<日光天然氷の蔵元「松月氷室」>

ご当地もの&期間限定など進化する天然氷のかき氷

ここ数年、かき氷が大ブームです。“天然氷”で作るかき氷を味わったことはありますか? 綿飴のごとくふわふわで、舌触りはなめらか、まぼろしのような口溶け……。独特の食感は感動ものです。

栃木県日光市に天然氷を作る老舗があると聞き、出かけました。 東武鉄道下今市駅から歩いて約15分。日光街道の今市宿として栄えた地区に、明治27年創業の天然氷問屋「松月氷室(しょうげつひむろ)」本店はあります。店頭では通年、天然氷のかき氷が味わえるため旅行者が絶えません。
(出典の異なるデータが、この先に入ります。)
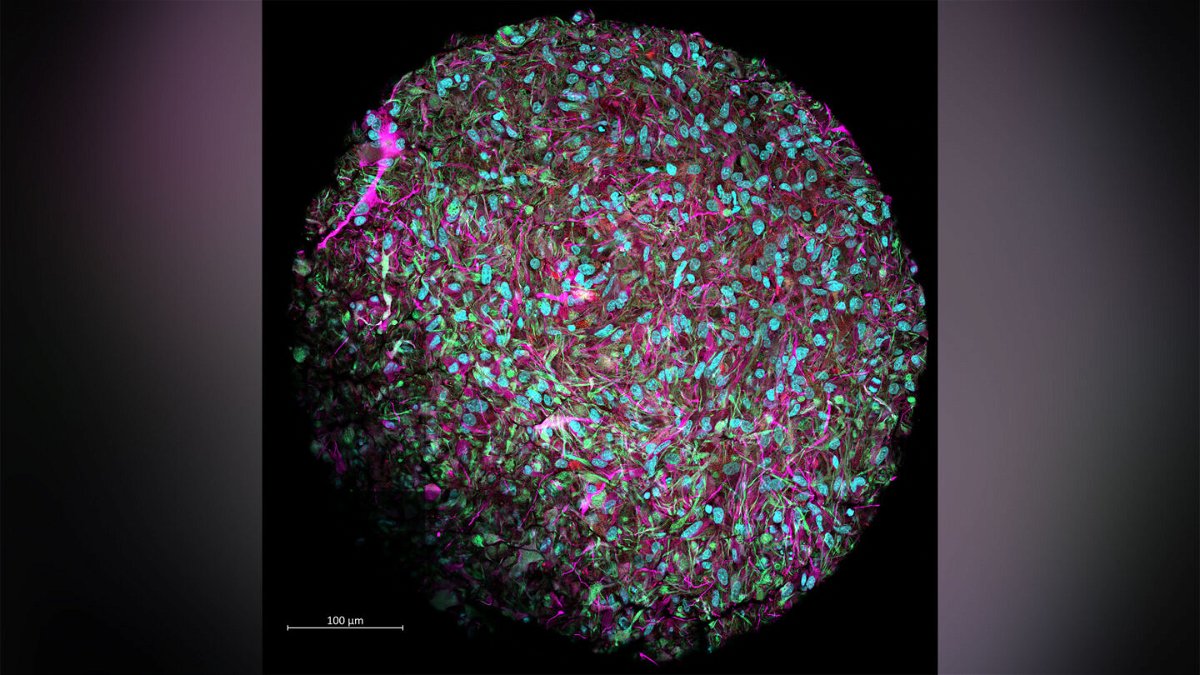 <i>Courtesy Jesse Plotkin/Johns Hopkins University</i><br/>This magnified image shows a brain organoid produced in Hartung's lab. The culture was dyed to show neurons in magenta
“口福”のかき氷を求めて、日光天然氷の蔵元「松月氷室」へ
(画像=『星野リゾート みちくさガイド』より引用)

数あるメニューの中で人気を二分するのがこれ、「生いちごプレミアム」(800円(税抜))です。栃木県は生産量日本一を誇るイチゴ王国。甘くて香り高いフレッシュな県産イチゴを、ソースに、中身に、たっぷりと使用しています。
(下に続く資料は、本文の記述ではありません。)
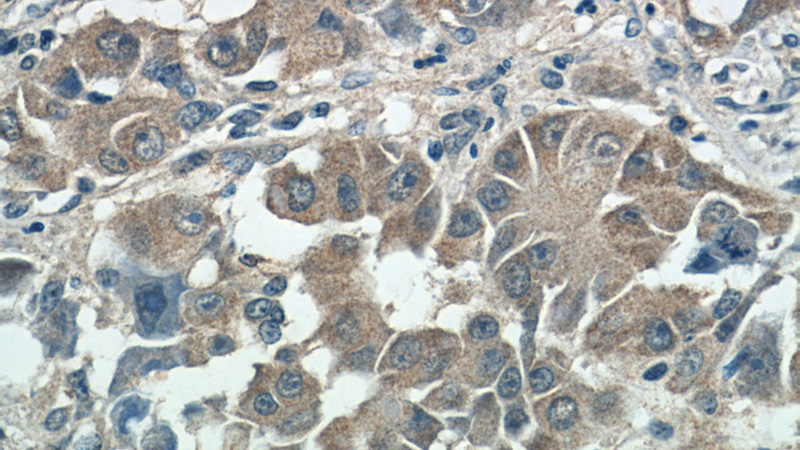 Immunohistochemistry of paraffin-embedded human liver cancer tissue slide using Catalog No:115386(SMCR7,MID49 Antibody) at dilution of 1:50 (under 40x lens)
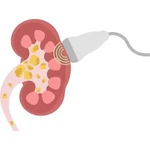 Renal & Liver Biopsy in Punawale near Tathawade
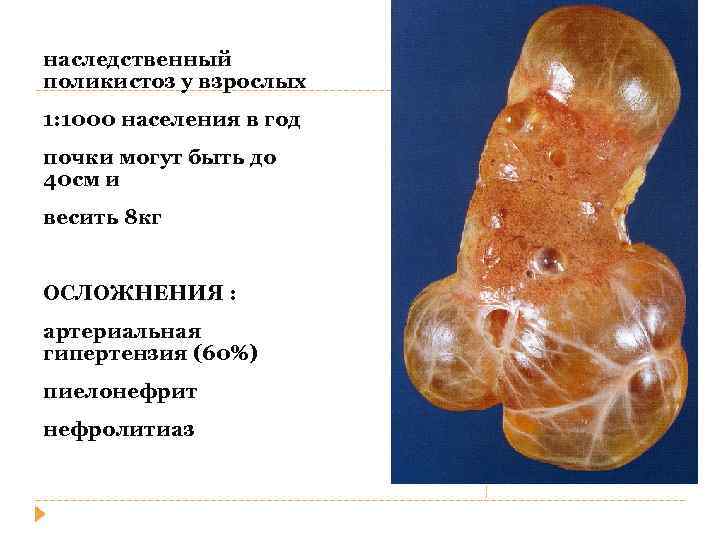 наследственный поликистоз у взрослых 1: 1000 населения в год почки могут быть до 40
“口福”のかき氷を求めて、日光天然氷の蔵元「松月氷室」へ
(画像=『星野リゾート みちくさガイド』より引用)

もうひとつは、「メロメロ アールスメロン」(1300円(税抜))。高級メロンのアールスメロン半分をまるごと使い、種部分をくり抜いて器にしてしまった一品です。みずみずしいメロンの果肉と練乳のマッチング。締めにはメロンの器に炭酸水を投入して、果肉をこそぎながらメロンソーダを楽しむというオマケ付きです。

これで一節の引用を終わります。